Plant hairs or trichomes mean little to most people until they bite into a furry skinned peach or prick their finger on a rose bush thorn, but in the plant kingdom these versatile epidermal structures perform many essential functions that are attributable to their physical shape, location, density and sometimes chemical composition. Next time you pop on a cotton T-shirt think about where the fibres for that textile come from – it’s made from a plant trichome.

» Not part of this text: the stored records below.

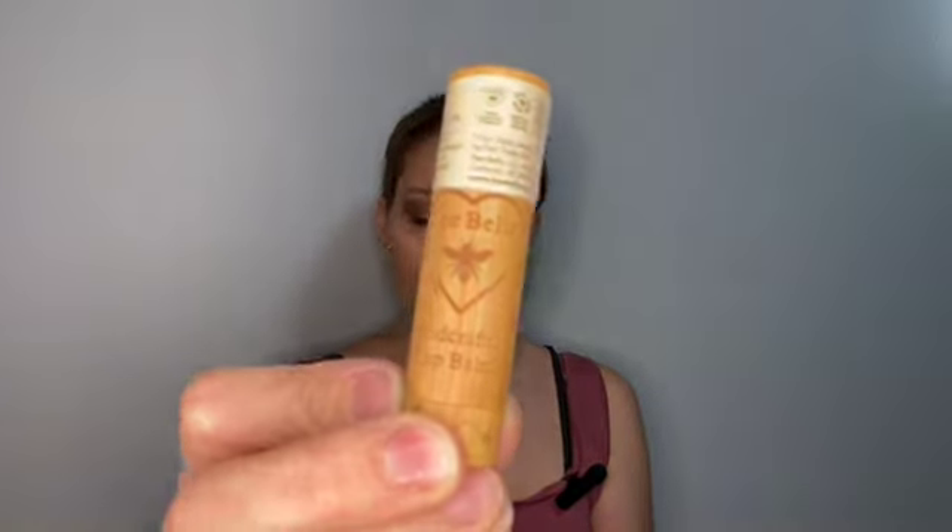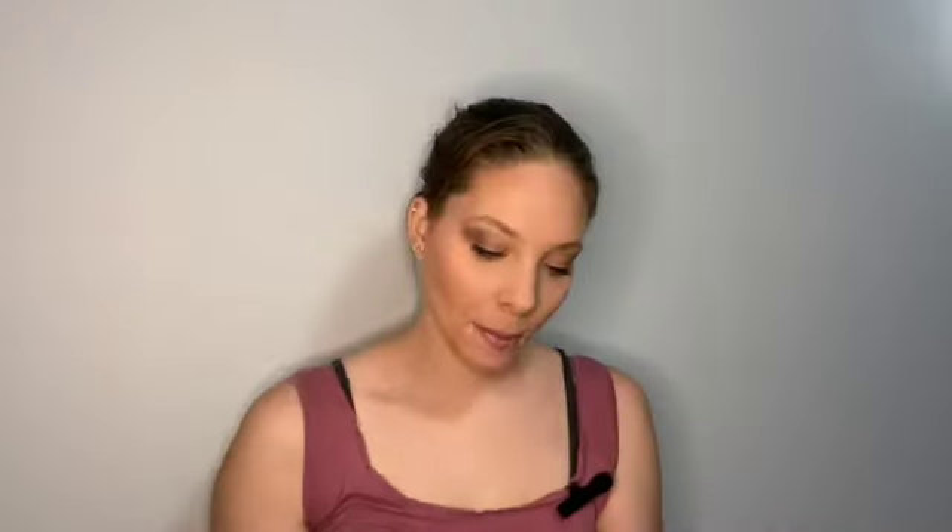We have a vanilla bean lip balm from Bee Bella. It's a premium lip balm made with the finest and highest grade ingredients available, including locally sourced Wisconsin beeswax — awesome, I live in Wisconsin! I'll open it later and smell it, but this is it, it's so cute.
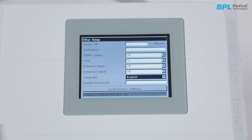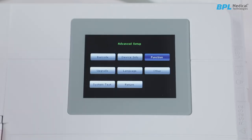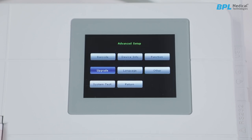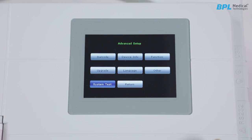Language is English by default. Advanced setup can be enabled once the password is entered. In the advanced setup there is a barcode option, device information, functions, measurement analysis — which can be enabled, disabled or set to measurement only — an upgrade option, language setup, other setup, system test and a return option.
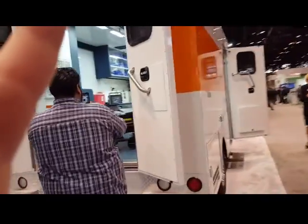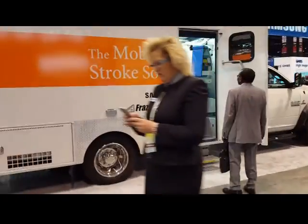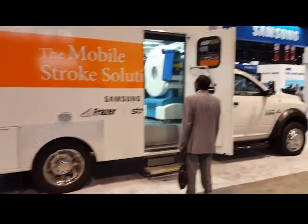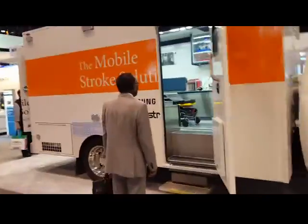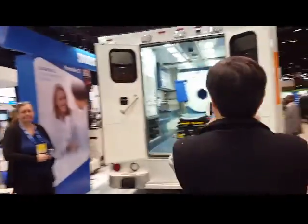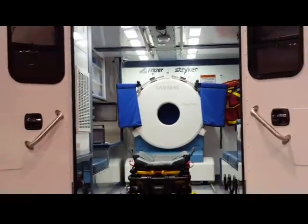I thought it was an ambulance, and it kind of is, I guess. Mobile stroke solution — I guess you can do CTs inside there while you're taking the patient to the hospital? I don't know. It's kind of weird, but kind of cool. And there is a scanner in there — I'll show you guys.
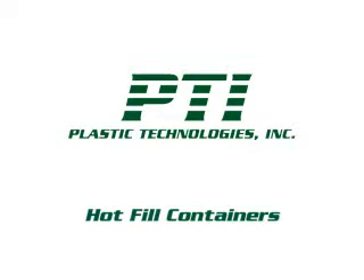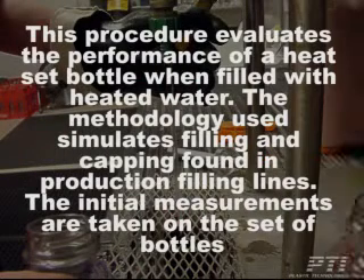PTI's Procedure for Testing Hot Fill Containers. This procedure evaluates the performance of a heat-set bottle when filled with heated water. The methodology used simulates filling and capping found in production filling lines.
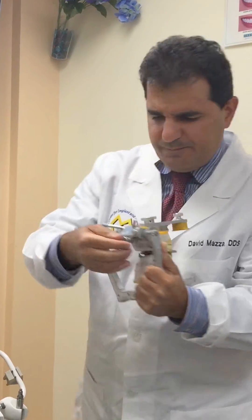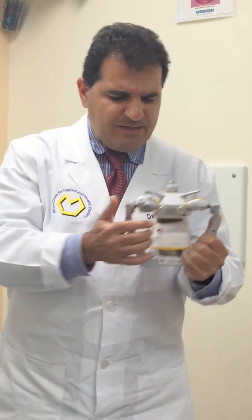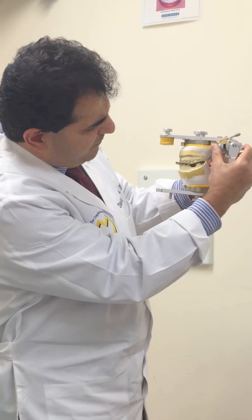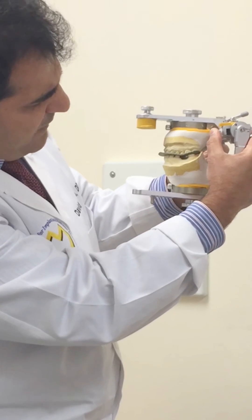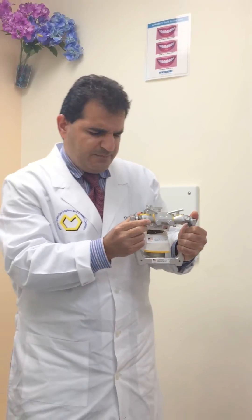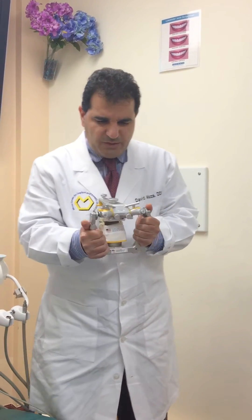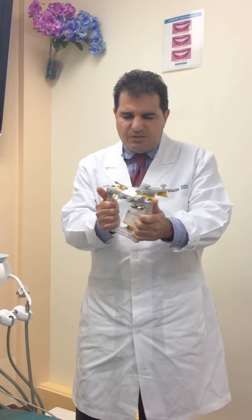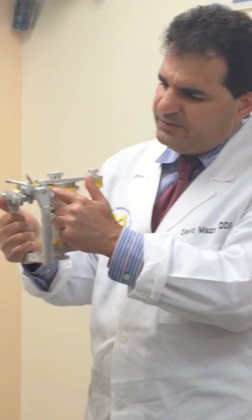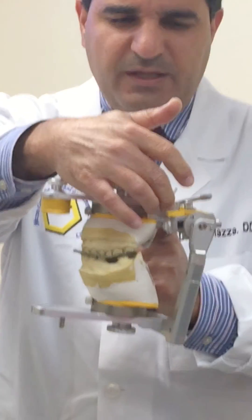When it's done I will stop and fasten the condylar housing thumb screw on that side. The same thing on this side — I go up and down until I have the best adaptation of my maxillary cast wax and mandibular cast, then I fasten and tighten my condylar housing thumb screws. At this point I have a condylar inclination guidance scale reading at the right side and also at the left side that are now determined.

For the last 20 years or more our lab has been concerned with understanding the molecular basis for the differentiation of the long hairs or seed trichomes that develop on the seeds of the cotton plant, Gossypium hirsutum L.. These fibres can become very long, reaching up to 5 cm or more in some cotton species, so could be some of the longest cells in the plant kingdom. They are single cells of the cotton ovule epidermis that elongate and fill with a thick secondary cell wall layer that is almost pure cellulose which imparts the special feel and fabric properties of cotton textiles. Using cDNA microarrays we were able to compare the genome wide expression in cotton ovules just initiating the production of fibres and with the gene expression in ovules from a mutant plant that didn’t make any fibres (Wu et al., 2006). This identified members of two specialised classes of plant-specific transcription factors: MIXTA-like MYB genes and homeodomain-leucine zipper IV (HD-zip) genes that were reduced in expression in the fibreless mutant. These two families of genes appear to have evolved diverse functions in regulating epidermal cell differentiation in plants, including plant trichomes.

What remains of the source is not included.